■ **What to work on**
Produce an exact copy of the first line of the data below and each line after it, please, up to and including the one with "AK / Ansichtskarte".

■ **Provided information**
********************

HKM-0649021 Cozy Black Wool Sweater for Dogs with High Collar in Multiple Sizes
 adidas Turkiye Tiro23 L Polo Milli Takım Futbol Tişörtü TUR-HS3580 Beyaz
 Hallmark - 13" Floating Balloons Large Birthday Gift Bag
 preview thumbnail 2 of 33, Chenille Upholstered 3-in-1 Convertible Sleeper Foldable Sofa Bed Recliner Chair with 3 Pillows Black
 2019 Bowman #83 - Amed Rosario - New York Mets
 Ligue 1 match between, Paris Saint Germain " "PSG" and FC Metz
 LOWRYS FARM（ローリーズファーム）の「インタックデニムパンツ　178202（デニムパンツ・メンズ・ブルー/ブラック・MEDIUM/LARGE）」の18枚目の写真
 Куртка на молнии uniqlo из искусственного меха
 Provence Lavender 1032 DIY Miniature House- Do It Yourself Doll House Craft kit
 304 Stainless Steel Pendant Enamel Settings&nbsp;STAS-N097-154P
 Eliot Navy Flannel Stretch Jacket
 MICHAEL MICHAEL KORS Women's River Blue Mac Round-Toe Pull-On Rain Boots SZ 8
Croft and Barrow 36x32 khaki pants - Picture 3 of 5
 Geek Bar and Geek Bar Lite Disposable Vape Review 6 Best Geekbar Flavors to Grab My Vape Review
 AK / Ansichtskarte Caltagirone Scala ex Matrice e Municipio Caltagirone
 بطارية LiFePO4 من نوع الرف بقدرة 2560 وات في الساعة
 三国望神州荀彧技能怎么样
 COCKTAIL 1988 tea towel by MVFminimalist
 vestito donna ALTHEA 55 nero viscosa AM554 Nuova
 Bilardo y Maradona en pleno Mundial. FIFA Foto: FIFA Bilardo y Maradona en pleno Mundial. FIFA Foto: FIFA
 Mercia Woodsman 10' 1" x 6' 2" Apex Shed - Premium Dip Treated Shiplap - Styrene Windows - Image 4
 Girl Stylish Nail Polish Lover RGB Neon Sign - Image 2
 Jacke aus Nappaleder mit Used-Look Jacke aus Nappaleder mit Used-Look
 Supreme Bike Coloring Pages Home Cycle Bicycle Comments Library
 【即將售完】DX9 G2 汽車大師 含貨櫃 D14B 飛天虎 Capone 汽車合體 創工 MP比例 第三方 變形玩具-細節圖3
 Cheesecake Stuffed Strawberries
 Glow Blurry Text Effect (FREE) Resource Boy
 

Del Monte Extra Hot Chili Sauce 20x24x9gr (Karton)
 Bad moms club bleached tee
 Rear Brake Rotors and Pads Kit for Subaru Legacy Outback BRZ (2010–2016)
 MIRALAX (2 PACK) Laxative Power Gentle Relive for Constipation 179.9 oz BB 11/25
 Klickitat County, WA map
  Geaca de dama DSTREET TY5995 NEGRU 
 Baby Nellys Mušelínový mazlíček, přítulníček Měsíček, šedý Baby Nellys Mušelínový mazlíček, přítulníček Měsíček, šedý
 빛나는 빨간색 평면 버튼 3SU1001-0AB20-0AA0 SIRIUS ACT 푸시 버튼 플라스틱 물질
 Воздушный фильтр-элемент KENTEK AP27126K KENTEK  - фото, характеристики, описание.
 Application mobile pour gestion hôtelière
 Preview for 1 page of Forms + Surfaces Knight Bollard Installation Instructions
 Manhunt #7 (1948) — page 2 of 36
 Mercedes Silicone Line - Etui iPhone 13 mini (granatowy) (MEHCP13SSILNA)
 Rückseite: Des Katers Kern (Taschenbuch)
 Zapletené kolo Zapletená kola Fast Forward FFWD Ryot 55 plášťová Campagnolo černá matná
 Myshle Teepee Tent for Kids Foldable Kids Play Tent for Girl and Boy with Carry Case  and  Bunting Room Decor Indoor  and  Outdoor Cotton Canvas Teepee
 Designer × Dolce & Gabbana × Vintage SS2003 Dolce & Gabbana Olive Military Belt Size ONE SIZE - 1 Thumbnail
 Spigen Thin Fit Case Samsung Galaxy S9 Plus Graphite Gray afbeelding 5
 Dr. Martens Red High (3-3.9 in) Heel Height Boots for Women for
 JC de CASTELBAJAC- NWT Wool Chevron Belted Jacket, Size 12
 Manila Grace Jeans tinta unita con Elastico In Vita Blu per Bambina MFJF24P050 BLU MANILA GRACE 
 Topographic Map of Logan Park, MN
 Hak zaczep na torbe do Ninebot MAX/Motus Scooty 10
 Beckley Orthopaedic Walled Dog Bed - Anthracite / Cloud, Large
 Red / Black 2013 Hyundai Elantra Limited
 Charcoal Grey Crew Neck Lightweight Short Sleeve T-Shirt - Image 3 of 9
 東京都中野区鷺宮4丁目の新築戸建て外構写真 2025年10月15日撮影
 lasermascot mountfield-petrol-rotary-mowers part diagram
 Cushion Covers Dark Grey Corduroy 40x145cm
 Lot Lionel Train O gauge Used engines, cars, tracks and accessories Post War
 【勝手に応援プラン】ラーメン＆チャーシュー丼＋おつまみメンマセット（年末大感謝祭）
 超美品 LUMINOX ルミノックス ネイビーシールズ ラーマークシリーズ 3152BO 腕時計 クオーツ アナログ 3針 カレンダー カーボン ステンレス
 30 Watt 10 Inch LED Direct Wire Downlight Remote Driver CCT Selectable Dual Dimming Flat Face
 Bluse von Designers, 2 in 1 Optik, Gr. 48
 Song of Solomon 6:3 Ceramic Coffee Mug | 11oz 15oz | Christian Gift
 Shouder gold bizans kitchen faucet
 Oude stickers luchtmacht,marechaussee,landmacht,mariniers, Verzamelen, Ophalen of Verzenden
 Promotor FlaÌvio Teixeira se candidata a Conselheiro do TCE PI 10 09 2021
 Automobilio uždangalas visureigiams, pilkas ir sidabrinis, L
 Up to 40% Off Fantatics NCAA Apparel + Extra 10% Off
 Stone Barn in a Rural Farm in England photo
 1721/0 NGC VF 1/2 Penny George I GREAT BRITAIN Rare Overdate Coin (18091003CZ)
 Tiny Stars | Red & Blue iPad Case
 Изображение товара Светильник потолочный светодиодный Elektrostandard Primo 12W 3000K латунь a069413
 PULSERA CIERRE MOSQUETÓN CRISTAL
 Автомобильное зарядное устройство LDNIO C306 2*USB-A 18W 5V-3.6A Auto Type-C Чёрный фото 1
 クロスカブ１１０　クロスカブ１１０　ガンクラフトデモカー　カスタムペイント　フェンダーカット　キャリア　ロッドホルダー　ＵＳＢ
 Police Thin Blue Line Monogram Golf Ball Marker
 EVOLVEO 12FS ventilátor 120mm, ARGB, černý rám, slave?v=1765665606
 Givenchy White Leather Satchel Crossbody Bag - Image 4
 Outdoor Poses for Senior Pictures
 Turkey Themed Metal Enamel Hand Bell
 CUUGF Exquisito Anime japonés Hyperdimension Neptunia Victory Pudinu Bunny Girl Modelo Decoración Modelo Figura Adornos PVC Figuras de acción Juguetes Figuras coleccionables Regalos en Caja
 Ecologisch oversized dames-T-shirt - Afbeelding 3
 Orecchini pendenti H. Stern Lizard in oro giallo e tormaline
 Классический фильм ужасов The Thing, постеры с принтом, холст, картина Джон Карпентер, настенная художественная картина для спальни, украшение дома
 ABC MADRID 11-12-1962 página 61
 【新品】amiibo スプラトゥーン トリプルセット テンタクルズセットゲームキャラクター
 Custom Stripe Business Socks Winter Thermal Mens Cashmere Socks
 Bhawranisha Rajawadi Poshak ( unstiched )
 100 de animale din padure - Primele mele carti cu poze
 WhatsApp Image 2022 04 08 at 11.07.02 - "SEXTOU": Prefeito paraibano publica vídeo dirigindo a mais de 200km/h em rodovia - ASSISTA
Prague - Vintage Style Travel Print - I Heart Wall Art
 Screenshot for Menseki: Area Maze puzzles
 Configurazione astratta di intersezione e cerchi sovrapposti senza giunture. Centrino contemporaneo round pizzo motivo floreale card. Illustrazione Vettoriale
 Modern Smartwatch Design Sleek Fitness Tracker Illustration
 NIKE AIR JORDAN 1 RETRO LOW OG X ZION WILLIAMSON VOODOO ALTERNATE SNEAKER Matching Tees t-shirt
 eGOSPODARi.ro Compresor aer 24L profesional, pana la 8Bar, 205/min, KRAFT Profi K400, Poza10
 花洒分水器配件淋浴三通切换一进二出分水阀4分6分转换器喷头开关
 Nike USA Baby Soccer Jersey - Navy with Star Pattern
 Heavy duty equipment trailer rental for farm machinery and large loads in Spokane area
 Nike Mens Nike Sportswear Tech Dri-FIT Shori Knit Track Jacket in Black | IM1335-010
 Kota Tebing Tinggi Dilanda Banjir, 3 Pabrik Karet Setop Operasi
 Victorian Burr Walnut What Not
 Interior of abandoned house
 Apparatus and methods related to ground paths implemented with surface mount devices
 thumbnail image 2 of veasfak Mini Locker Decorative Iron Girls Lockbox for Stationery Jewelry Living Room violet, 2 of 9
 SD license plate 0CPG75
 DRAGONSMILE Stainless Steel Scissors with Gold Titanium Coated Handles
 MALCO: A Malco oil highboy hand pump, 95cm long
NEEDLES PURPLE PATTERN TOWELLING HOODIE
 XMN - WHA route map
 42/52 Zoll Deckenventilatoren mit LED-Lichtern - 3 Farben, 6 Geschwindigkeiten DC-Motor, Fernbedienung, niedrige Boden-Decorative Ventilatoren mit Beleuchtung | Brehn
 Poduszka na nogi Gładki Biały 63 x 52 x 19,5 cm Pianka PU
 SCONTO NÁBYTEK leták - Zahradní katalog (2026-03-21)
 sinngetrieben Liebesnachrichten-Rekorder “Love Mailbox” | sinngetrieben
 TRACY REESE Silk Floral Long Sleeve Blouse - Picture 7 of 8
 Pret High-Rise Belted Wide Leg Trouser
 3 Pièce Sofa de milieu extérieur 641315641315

********************

■ **Output below**
HKM-0649021 Cozy Black Wool Sweater for Dogs with High Collar in Multiple Sizes
 adidas Turkiye Tiro23 L Polo Milli Takım Futbol Tişörtü TUR-HS3580 Beyaz
 Hallmark - 13" Floating Balloons Large Birthday Gift Bag
 preview thumbnail 2 of 33, Chenille Upholstered 3-in-1 Convertible Sleeper Foldable Sofa Bed Recliner Chair with 3 Pillows Black
 2019 Bowman #83 - Amed Rosario - New York Mets
 Ligue 1 match between, Paris Saint Germain " "PSG" and FC Metz
 LOWRYS FARM（ローリーズファーム）の「インタックデニムパンツ　178202（デニムパンツ・メンズ・ブルー/ブラック・MEDIUM/LARGE）」の18枚目の写真
 Куртка на молнии uniqlo из искусственного меха
 Provence Lavender 1032 DIY Miniature House- Do It Yourself Doll House Craft kit
 304 Stainless Steel Pendant Enamel Settings&nbsp;STAS-N097-154P
 Eliot Navy Flannel Stretch Jacket
 MICHAEL MICHAEL KORS Women's River Blue Mac Round-Toe Pull-On Rain Boots SZ 8
Croft and Barrow 36x32 khaki pants - Picture 3 of 5
 Geek Bar and Geek Bar Lite Disposable Vape Review 6 Best Geekbar Flavors to Grab My Vape Review
 AK / Ansichtskarte Caltagirone Scala ex Matrice e Municipio Caltagirone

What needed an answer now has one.